We use a 10 cubic meter Teflon reaction chamber to study oxidation chemistry in a simulated atmosphere. The chamber is equipped with 72 UV black lamps to perform photochemical reactions and a capability to control temperatures from -20 to 60 Celsius. We introduce hydrocarbons into the chamber and generate oxidant species (ozone, OH radicals, NO3 radicals) to initiate the reaction. Reactions can be performed in the presence and absence of NOx, seed particles, or relative humidity (<5% to 90%).
Reactions in the chamber are monitored by a suite of in-situ instrumentation: (a) temperature and relative humidity probe, (b) GC with flame ionization detector, (c) NOx chemiluminescence analyzer, (d) ozone photometric analyzer, (e) chemical-ionization mass spectrometer (below), and (f) scanning mobility particle sizer.

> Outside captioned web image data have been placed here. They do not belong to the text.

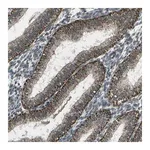 Merck Anti-EIF2AK1 antibody produced in rabbit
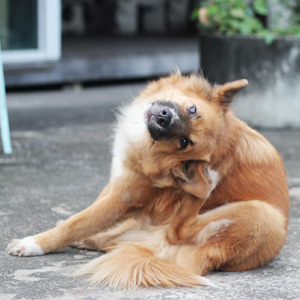 Parvovirus en perros, todo lo que necesitas saber - síntomas, remedios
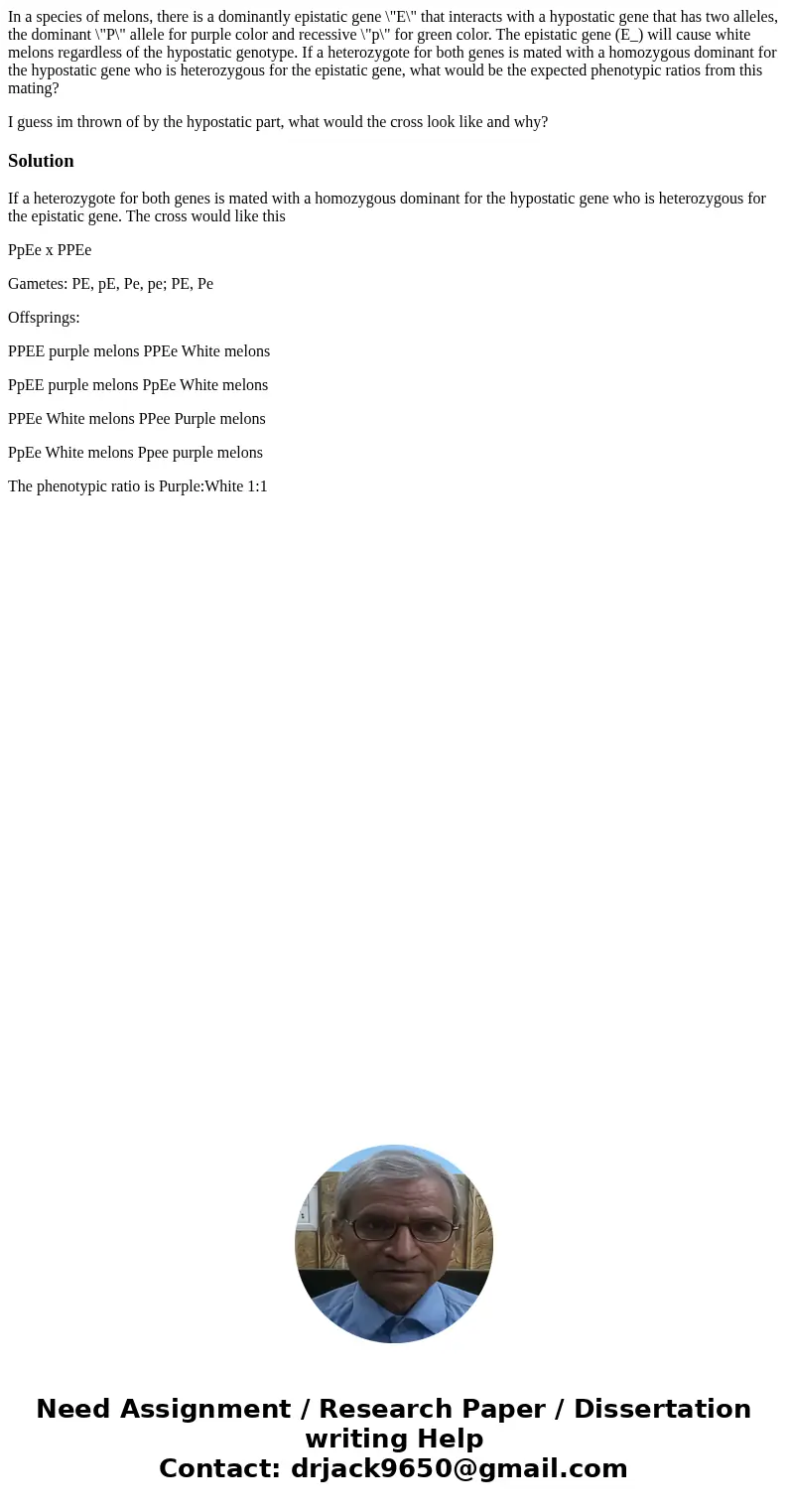 In a species of melons, there is a dominantly epistatic gene \ In a species of melons, there is a dominantly epistatic gene \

In addition, our lab has the following capabilities to analyze samples that have been collected, e.g., aerosols on a filter or a gaseous mixture in a canister: (a) GC with mass selective detector, (b) high-resolution mass spectrometry (below), (c) LC-MS, (d) HPLC-UV, (d) UV-Vis spectroscopy, and (e) FT-IR spectroscopy with 10-m cell.
Chemical ionization mass spectrometry (CIMS)
We use a custom-built chemical ionization mass spectrometer with triple-quadrupole mass analyzer that is modeled after the CIMS developed by the Wennberg group at Caltech. The CIMS operates using the CF3O- reagent ion and can detect a large range of volatile organic compounds from the following classes: (1) H2O2 and organic hydroperoxides, (2) acidic compounds such as SO2, HCN, HNO3, and organic acids, (3) polyols (glycol, methyltetrols), (4) hydroxy epoxides (e.g., IEPOX), (5) hydroxy carbonyls (e.g., glycolaldehyde, hydroxyacetone), (6) hydroxy nitrates (e.g., isoprene and pinene nitrates), and (7) other multifunctional compounds (e.g., nitrooxy hydroperoxides). We are in the process of building a CIMS using an Ionicon time-of-flight mass analyzer.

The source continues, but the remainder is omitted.